Empowerment Without Logic

A fun, trope-heavy military romance with genuinely excellent combat choreography and a predictably strong female lead, but riddled with plot logic issues that constantly pull you out of the story. The biggest early suspension-of-disbelief hurdles are the “tiny woman successfully disguising herself as a man” premise and her near-superhuman battlefield prowess. Another is the breakneck promotion speed: she goes from a newly enlisted recruit, initially suspected of being a spy, to commanding 20,000 troops in the defense of a major city while simultaneously leading an elite strike force on a high-risk mission away from the city, all in what feels like the blink of an eye.

The romance leans on a familiar tsundere-style dynamic where the male lead gradually melts, but their relationship settles into quiet understanding and struggles to convincingly evolve into romantic love. There is a love triangle kept in play far beyond any reasonable expiration date, fueled by FL’s naïveté and quirky, outgoing personality, which is apparently standard issue for a hardened general. Her prolonged, inexplicable trust and friendliness toward the love rival persist despite knowing he is an agent of the main antagonist with blood on his hands and despite his repeated romantic advances. This is marked by consistently tone-deaf behavior: getting clingy with him when drunk despite barely knowing him, inviting him out to admire the moon, decorating a gift from ML with the rival’s tassel, and even re-gifting him another precious item from ML.
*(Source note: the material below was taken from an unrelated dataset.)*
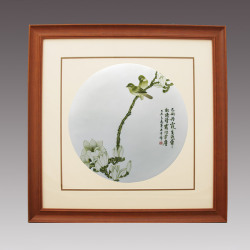 中国工艺美术大师 黄永平《清露》绿彩瓷板画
Rather than arising from believable character logic, these moments come across as plot devices for “cute jealousy” beats and manufactured angst for ML, while being framed as friendliness. Even so, the tension begins to wear thin, as the romance itself isn’t substantial enough to justify it until much later. Instead of addressing the situation decisively, as any believable general and respectful partner would, FL treats it as a source of amusement or handwaves it entirely. She even states that the main couple “don’t need clear lines” or boundaries, right up until it stops being fun, ultimately weakening the emotional stakes of the romance. It is a bizarre feat of writing to portray a warrior who can cut down hundreds on a battlefield yet acts like a clueless schoolgirl in private, having the tactical genius to save an empire but lacking common sense to set a boundary with a treasonous rival.

The rival’s “tragic” motivation is particularly absurd: he harbors a self-righteous savior complex, convinced that generals are the root of the empire’s suffering (rather than scheming officials like himself), yet actively engineers FL’s rise as a powerful general. He genuinely believes that sabotaging and weakening his own country’s army, while in conflict with a warlike foreign enemy, will somehow bring lasting peace. This makes his actions and motivation feel far more delusional than profound, and self-serving rather than principled. Despite it all, he gets promoted quickly riding on the coattails of the main couple’s accomplishments. Aside from ML, accountability is largely absent, culminating in the rival receiving lenient treatment despite his role in schemes, treason, and mass deaths. As if a selectively remembered tragic past, obsession with FL, self-pity and good looks are enough to excuse his crimes. Plot armor thicker than the city walls he betrays, in a story with more holes than plot. Classic C-drama logic.